Regarding claim 19, Fukagai discloses the method of claim 1, wherein a first region proposal, of the plurality of region proposals, includes a plurality of the targets.  (Fukagai: for example, a region proposal in Figs. 3 and 6-7 has a horse and a person. As another example, at least one region proposal in Fig. 13 has two boats.)
Regarding claim 20, Fukagai discloses the method of claim 19, wherein each of one or more second region proposals of the plurality of region proposals includes a respective two or more of the targets.  (Fukagai: for example, Fig. 13, either before or after movement information is added, has two region proposals each having two boats, one with two similar boats and the other with two dissimilar boats, and one of those two region proposals with two boats is interpreted as the claimed “first region proposal” in claim 19 while the other one is interpreted as the claimed “each of one or more second region proposals” in claim 20.)

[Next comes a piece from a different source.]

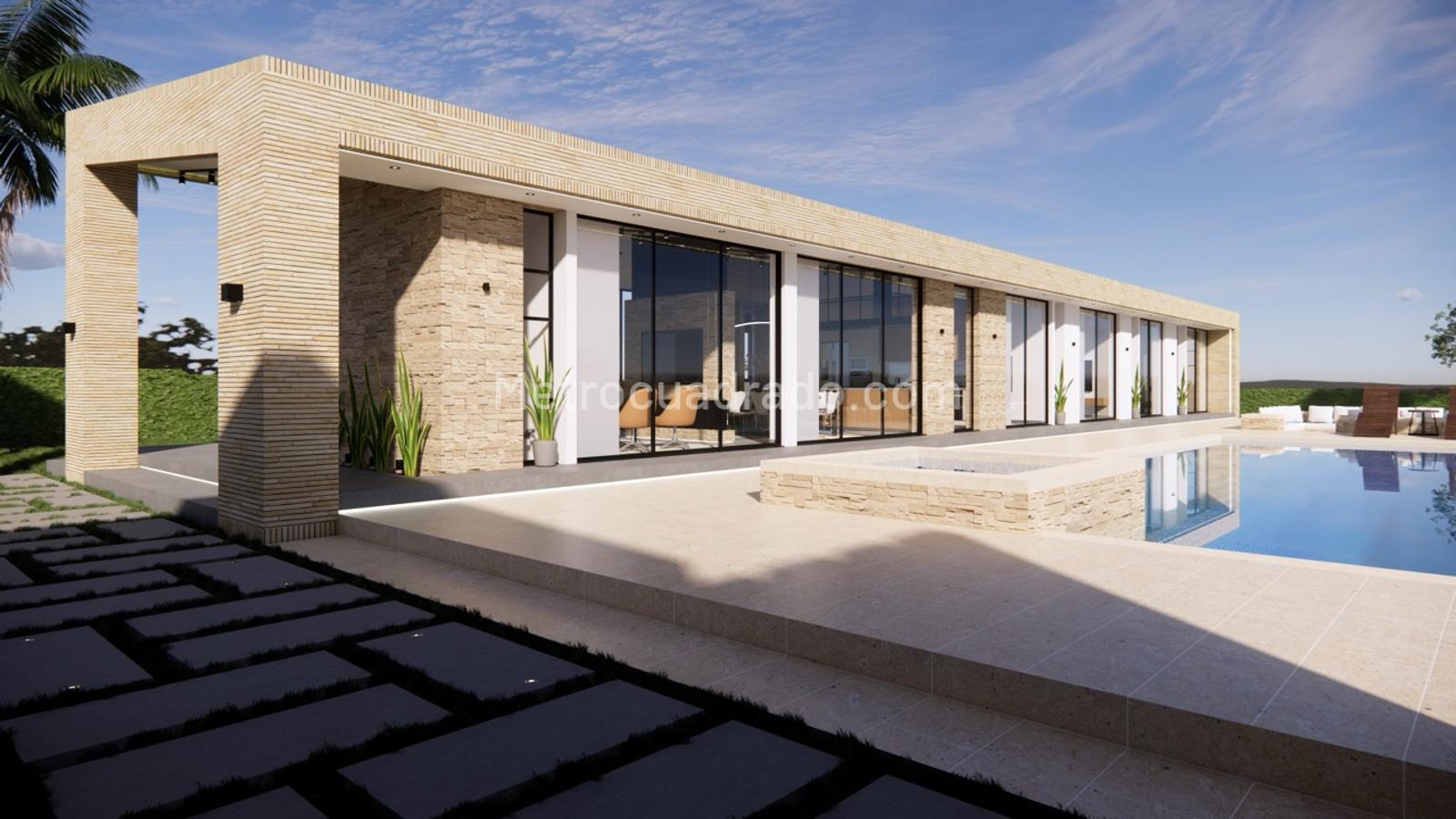 Proyecto Espectacular casa en Restrepo, Meta,Casas nuevas en Ladera ...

Claim Rejections - 35 USC § 103
The following is a quotation of 35 U.S.C. 103 which forms the basis for all obviousness rejections set forth in this Office action:
A patent for a claimed invention may not be obtained, notwithstanding that the claimed invention is not identically disclosed as set forth in section 102 of this title, if the differences between the claimed invention and the prior art are such that the claimed invention as a whole would have been obvious before the effective filing date of the claimed invention to a person having ordinary skill in the art to which the claimed invention pertains.  Patentability shall not be negated by the manner in which the invention was made.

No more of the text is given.